Task
Give all of the records again precisely, excluding whatever pictures they contain.

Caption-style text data

☆ ☆ ☆

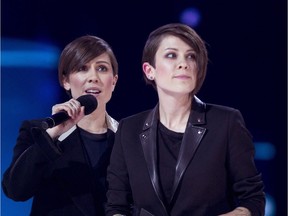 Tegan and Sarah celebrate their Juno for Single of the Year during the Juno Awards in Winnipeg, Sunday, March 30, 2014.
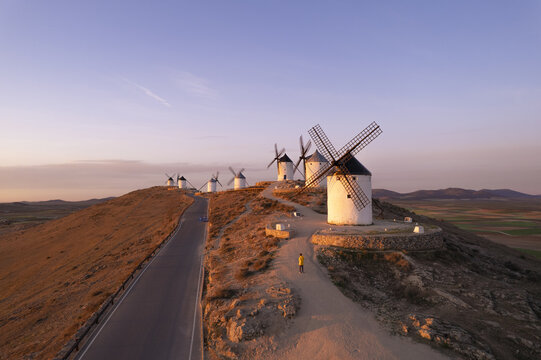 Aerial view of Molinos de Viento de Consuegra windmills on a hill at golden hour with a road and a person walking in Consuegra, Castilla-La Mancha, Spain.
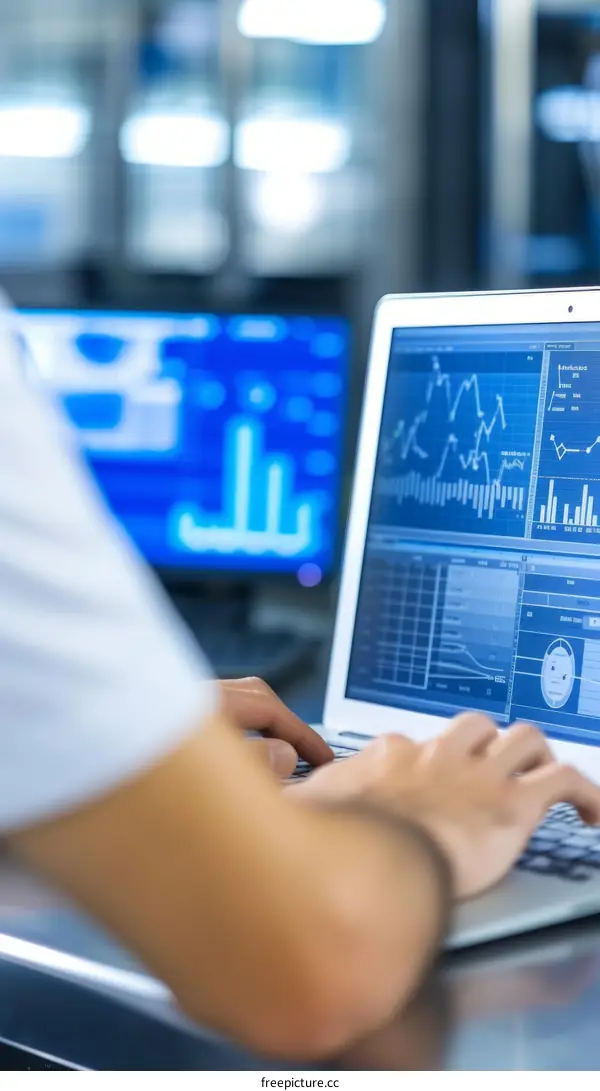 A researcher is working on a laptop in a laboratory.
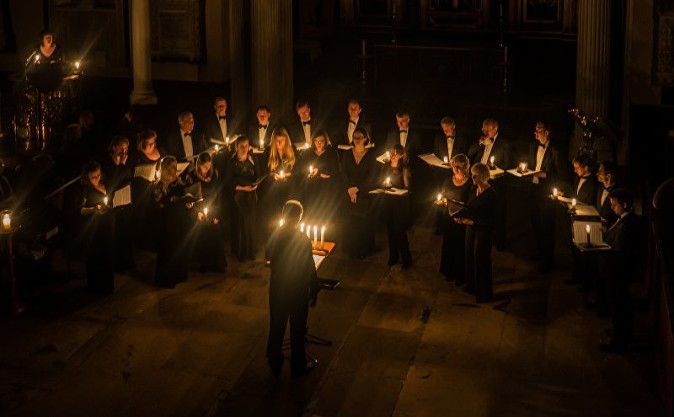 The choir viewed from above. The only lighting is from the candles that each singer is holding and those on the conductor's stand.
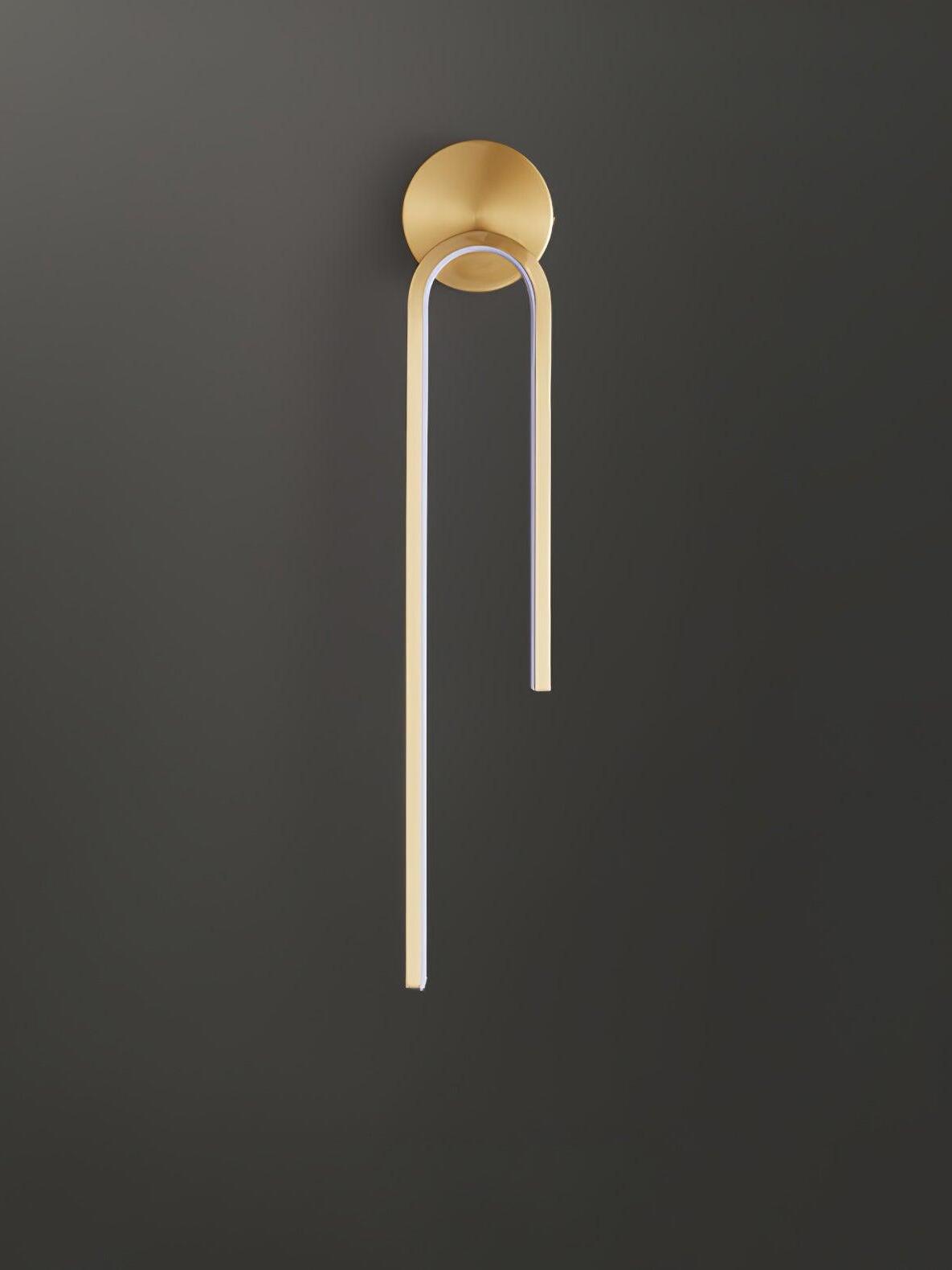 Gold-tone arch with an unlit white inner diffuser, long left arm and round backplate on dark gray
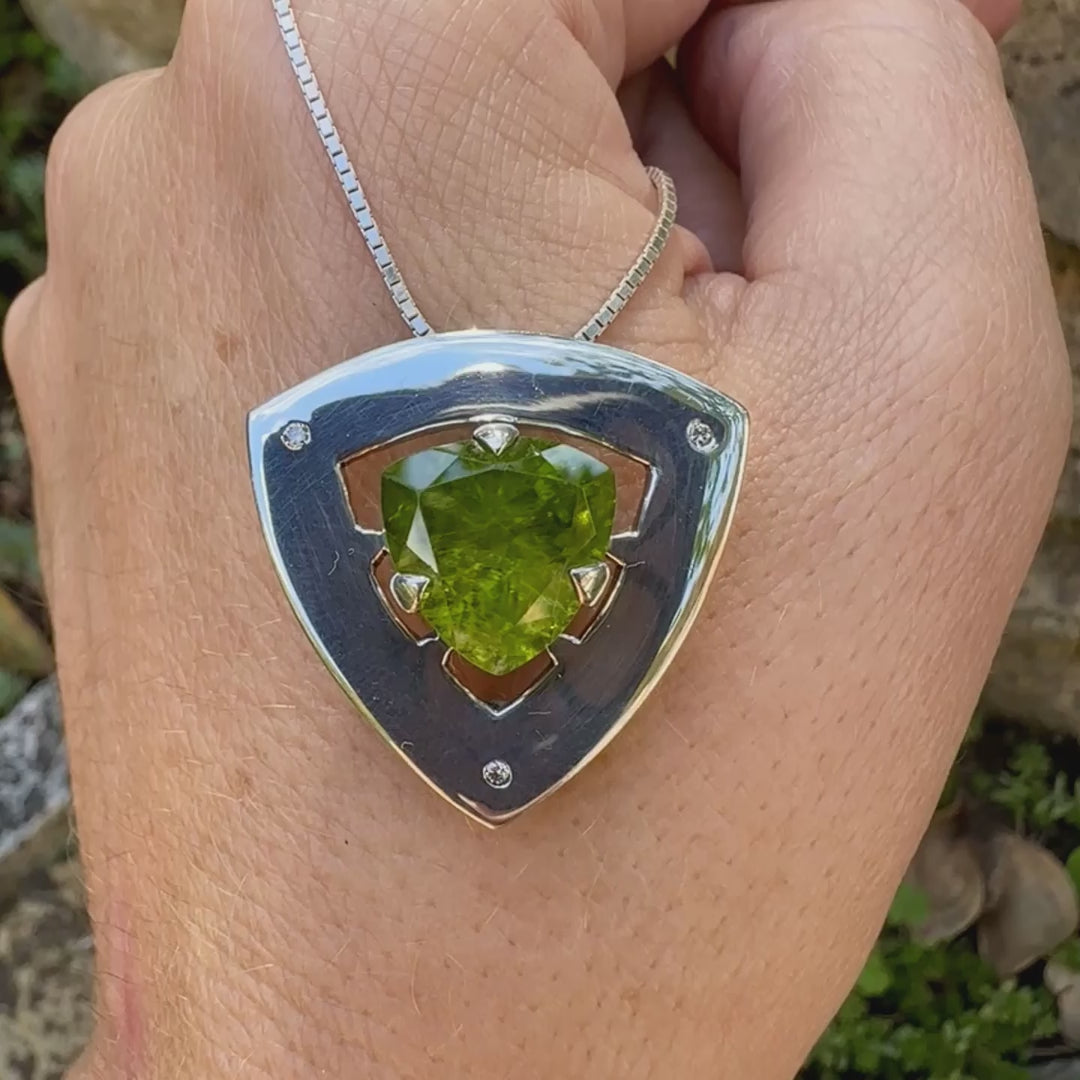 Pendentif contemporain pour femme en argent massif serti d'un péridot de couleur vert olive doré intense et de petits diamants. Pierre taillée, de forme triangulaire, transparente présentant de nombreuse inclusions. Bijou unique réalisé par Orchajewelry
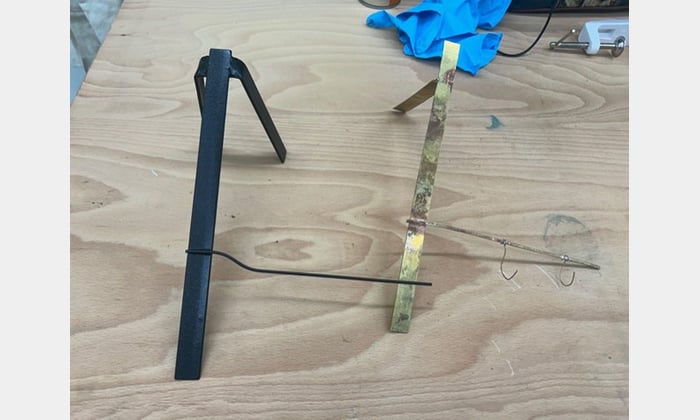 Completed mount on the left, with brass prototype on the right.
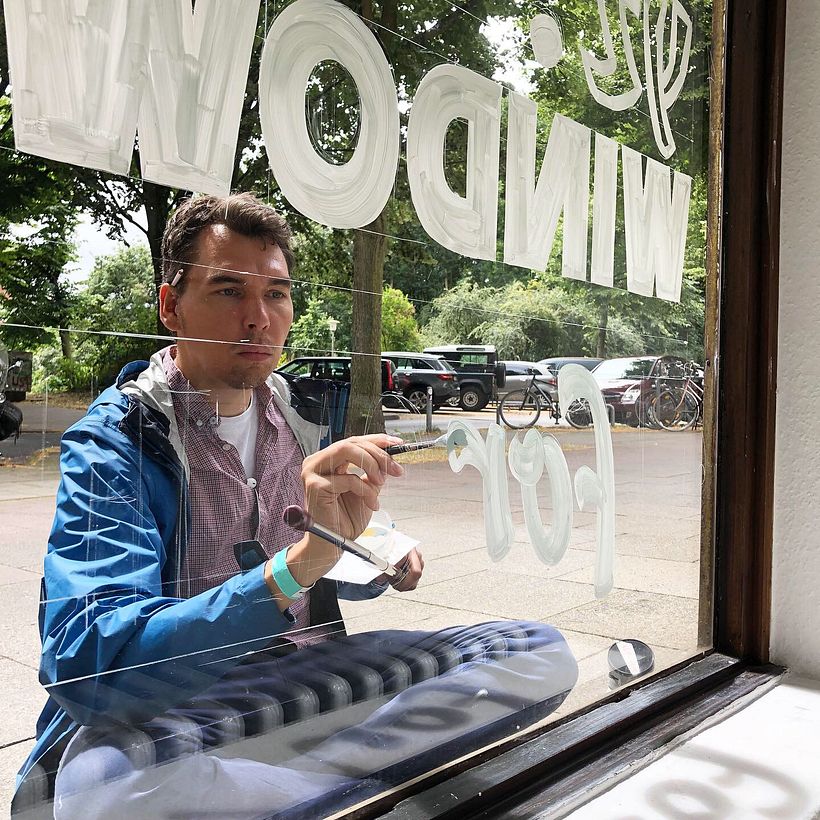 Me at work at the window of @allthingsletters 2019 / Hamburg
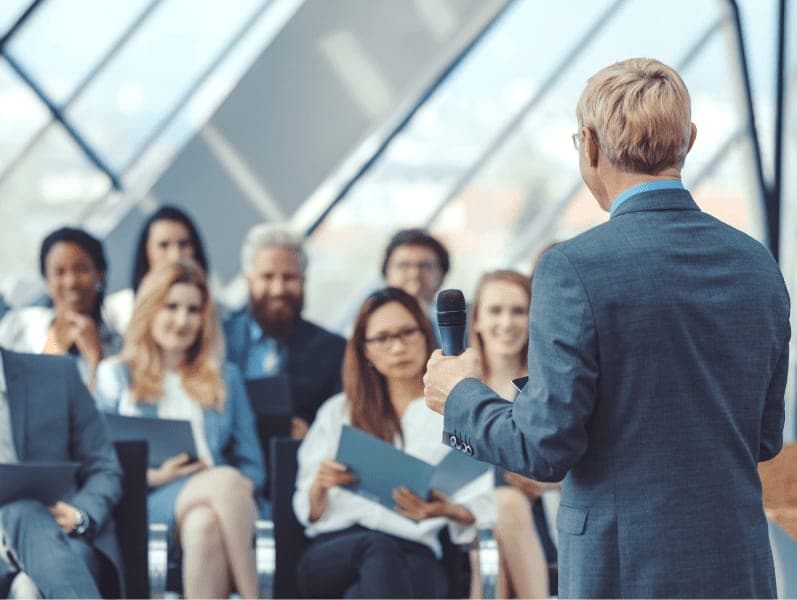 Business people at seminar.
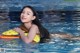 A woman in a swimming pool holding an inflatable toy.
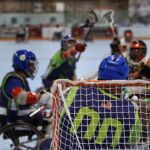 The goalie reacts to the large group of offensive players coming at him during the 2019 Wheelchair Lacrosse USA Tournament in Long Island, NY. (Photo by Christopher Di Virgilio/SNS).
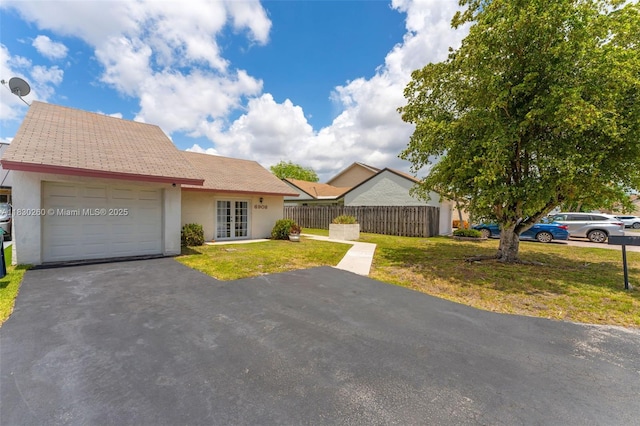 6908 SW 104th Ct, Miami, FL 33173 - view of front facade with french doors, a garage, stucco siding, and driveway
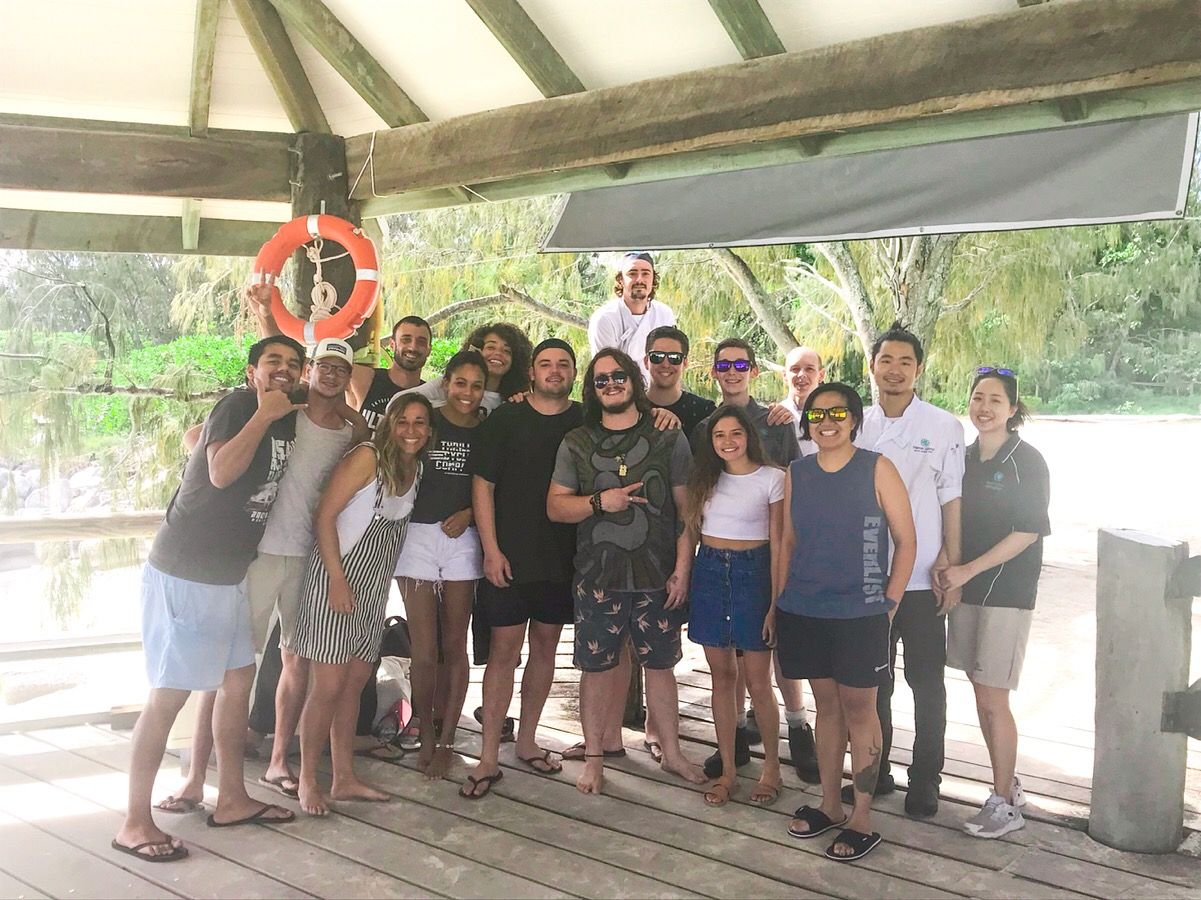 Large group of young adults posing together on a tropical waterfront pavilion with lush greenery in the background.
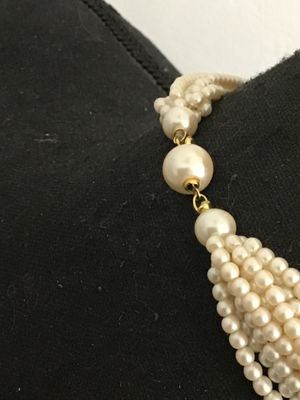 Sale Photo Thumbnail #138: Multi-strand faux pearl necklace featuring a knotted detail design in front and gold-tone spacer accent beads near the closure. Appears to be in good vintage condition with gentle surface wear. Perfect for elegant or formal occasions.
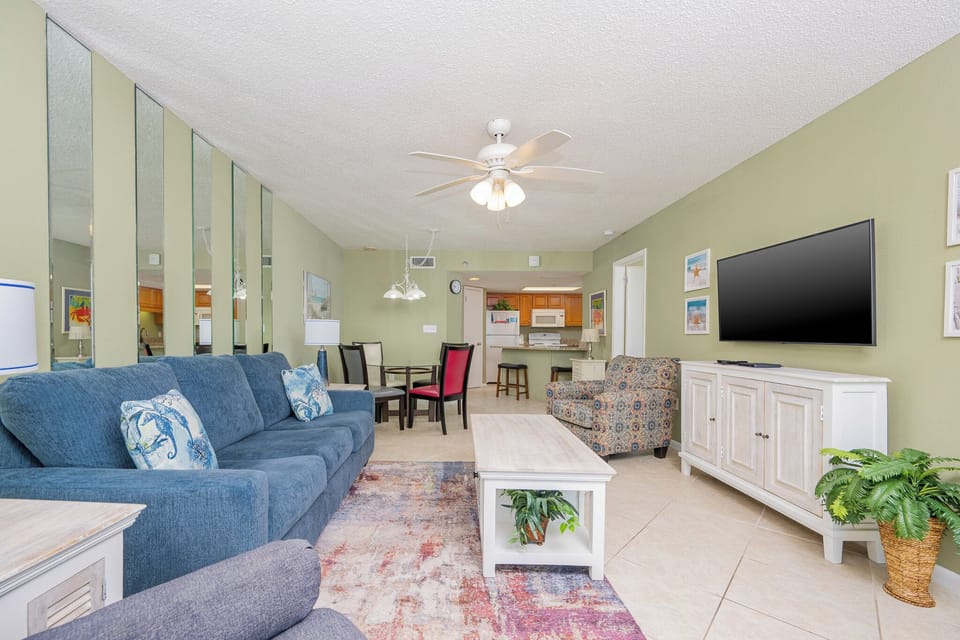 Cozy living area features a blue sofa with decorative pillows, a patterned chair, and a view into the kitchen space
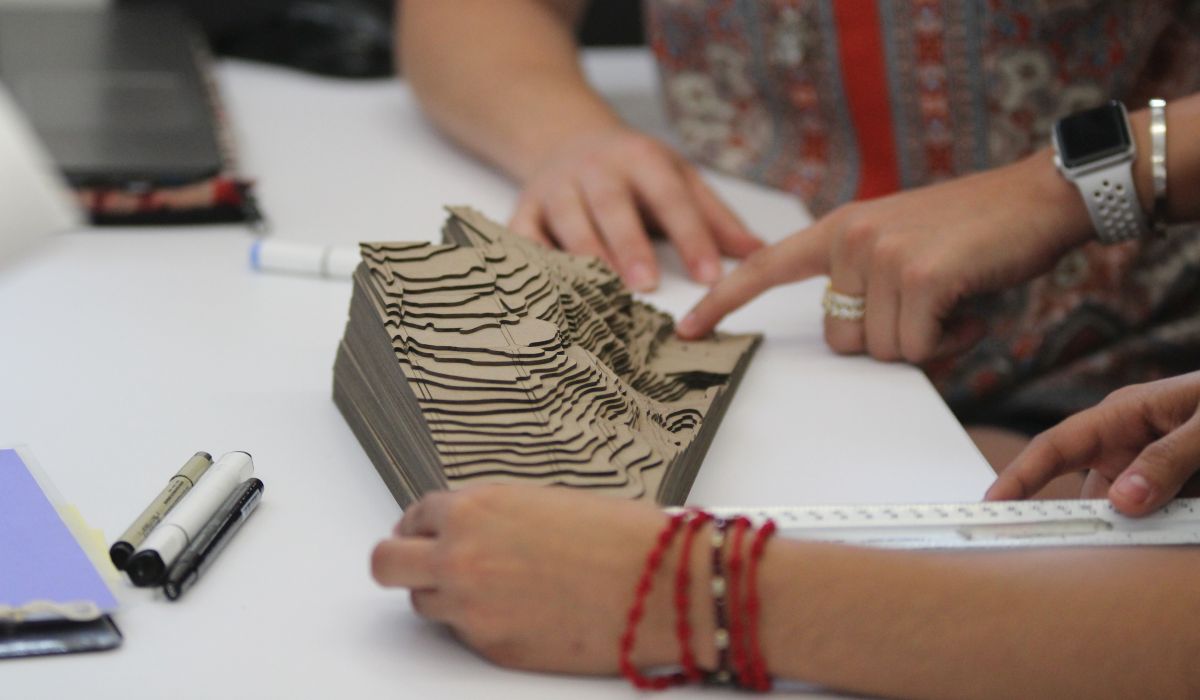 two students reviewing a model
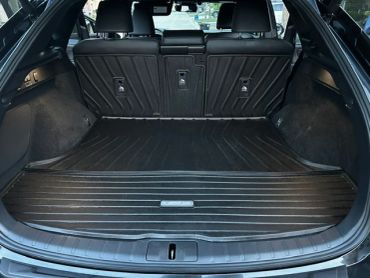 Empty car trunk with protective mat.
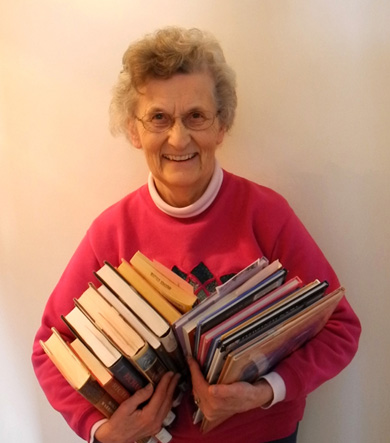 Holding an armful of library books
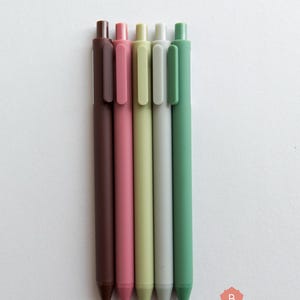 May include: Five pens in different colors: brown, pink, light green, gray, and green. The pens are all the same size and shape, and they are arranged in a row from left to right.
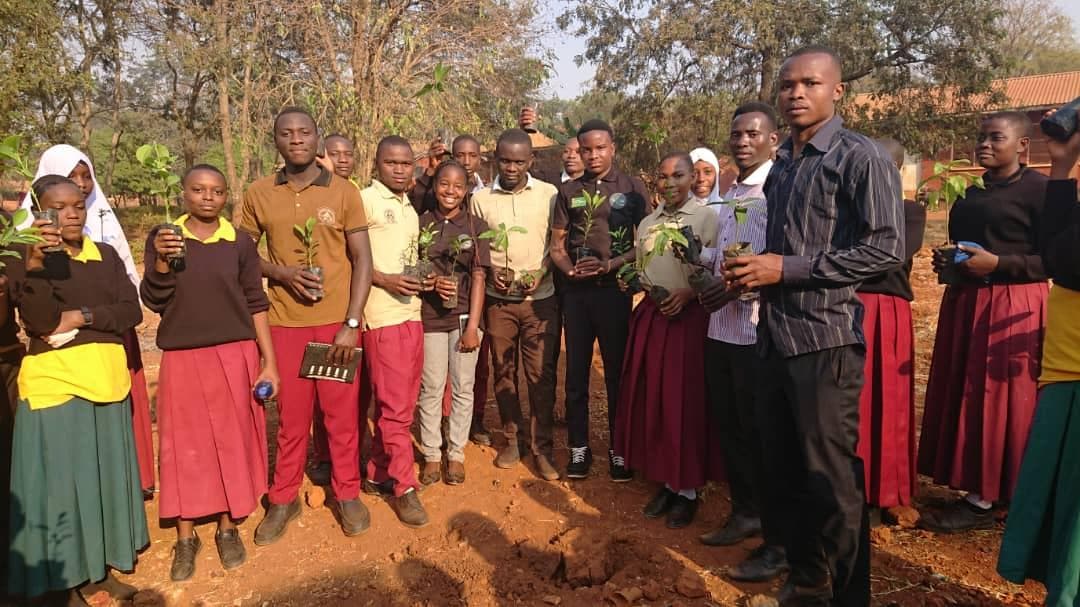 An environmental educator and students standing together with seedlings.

☆ ☆ ☆

Task output
 Tegan and Sarah celebrate their Juno for Single of the Year during the Juno Awards in Winnipeg, Sunday, March 30, 2014.
 Aerial view of Molinos de Viento de Consuegra windmills on a hill at golden hour with a road and a person walking in Consuegra, Castilla-La Mancha, Spain.
 A researcher is working on a laptop in a laboratory.
 The choir viewed from above. The only lighting is from the candles that each singer is holding and those on the conductor's stand.
 Gold-tone arch with an unlit white inner diffuser, long left arm and round backplate on dark gray
 Pendentif contemporain pour femme en argent massif serti d'un péridot de couleur vert olive doré intense et de petits diamants. Pierre taillée, de forme triangulaire, transparente présentant de nombreuse inclusions. Bijou unique réalisé par Orchajewelry
 Completed mount on the left, with brass prototype on the right.
 Me at work at the window of @allthingsletters 2019 / Hamburg
 Business people at seminar.
 A woman in a swimming pool holding an inflatable toy.
 The goalie reacts to the large group of offensive players coming at him during the 2019 Wheelchair Lacrosse USA Tournament in Long Island, NY. (Photo by Christopher Di Virgilio/SNS).
 6908 SW 104th Ct, Miami, FL 33173 - view of front facade with french doors, a garage, stucco siding, and driveway
 Large group of young adults posing together on a tropical waterfront pavilion with lush greenery in the background.
 Sale Photo Thumbnail #138: Multi-strand faux pearl necklace featuring a knotted detail design in front and gold-tone spacer accent beads near the closure. Appears to be in good vintage condition with gentle surface wear. Perfect for elegant or formal occasions.
 Cozy living area features a blue sofa with decorative pillows, a patterned chair, and a view into the kitchen space
 two students reviewing a model
 Empty car trunk with protective mat.
 Holding an armful of library books
 May include: Five pens in different colors: brown, pink, light green, gray, and green. The pens are all the same size and shape, and they are arranged in a row from left to right.
 An environmental educator and students standing together with seedlings.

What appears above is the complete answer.